11-07, 10:55–11:35 (US/Eastern), Central Park West
“Have you tried <insert a DataFrame Library>? It will change everything!” ~ My enthusiastic colleagues every other week.
The DataFrame landscape has never been more exciting, from mature libraries like pandas, Dask, and PyArrow, to newer ones like Polars, DuckDB, and Ibis. Let’s get past the hype and evaluate contexts and domains where they excel—whether it’s efficient eager execution, single machine performance, or large-scale data processing.
Whether you're a data scientist optimizing trading algorithms, a researcher crunching geospatial data, or a developer building scalable data pipelines, we have plenty of DataFrame libraries to choose from: pandas, Polars, Dask, PyArrow, DuckDB, Modin, Vaex, etc. pandas is the most popular and familiar, while a library like Polars can significantly speed up single-machine workflows. How do you decide, though?
In this talk, we’ll understand the unique capabilities offered by each library and the specific use-cases they are tailored for. In addition to some objective third-party benchmarks, we’ll look at other important verticals like history and design philosophy, maturity and community support, domain-specific capabilities and compatibility, and how the libraries handle large datasets. We’ll also briefly discuss some libraries and initiatives that focus on compatibility between libraries, like Ibis for end users, and Narwhals and Data APIs consortium for library developers.

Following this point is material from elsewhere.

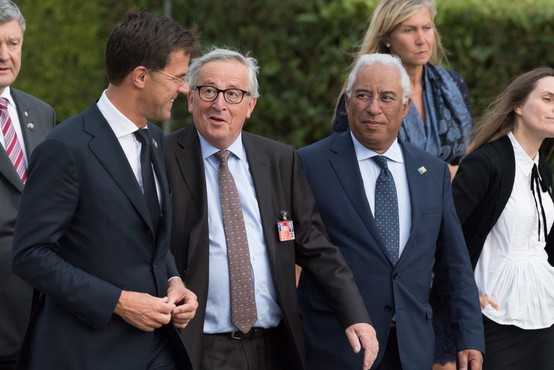 Twitter si je Junckerja privoščil že včeraj, Evropska komisija pa o njegovih težavah z ravnotežjem danes!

This talk is intended for data professionals who just want to use the best tool for their work. We hope to provide an overview of the current DataFrame landscape and help you decide to try out a new tool or stick with the one you already use.
No previous knowledge expected
Dharhas Pothina is the CTO at Quansight where he helps clients wrangle their data using the pydata stack. He also leads the development teams for the Nebari, Conda-Store and Ragna open source projects.

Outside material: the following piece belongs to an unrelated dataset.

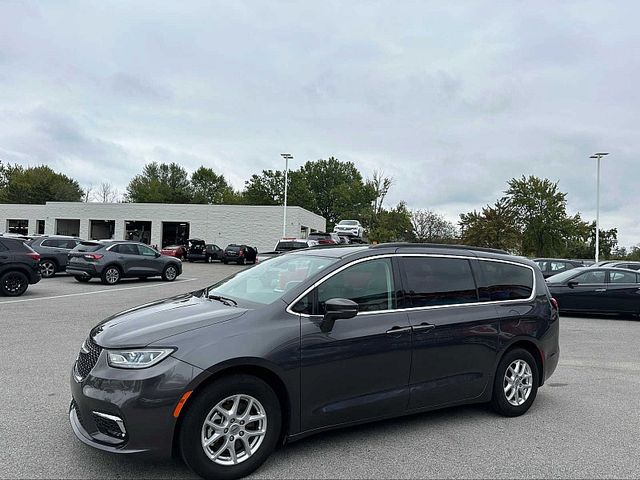 2022 Chrysler Pacifica Touring-L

His background includes expertise in computational modeling, big data/high performance computing, visualization and geospatial analysis. Prior to his current position he worked for 15 years in state and federal research labs where he led large multi-disciplinary, multi-agency research projects.
He holds a PhD in Civil Engineering and an MS in Aerospace Engineering from the University of Texas at Austin and a BTech in Aerospace Engineering from the Indian Institute of Technology Madras.
Dharhas is passionate about enabling scientists and engineers with tools that let them scale as well as share their analyses, he loves woodworking, photography and teaching his daughters to love science.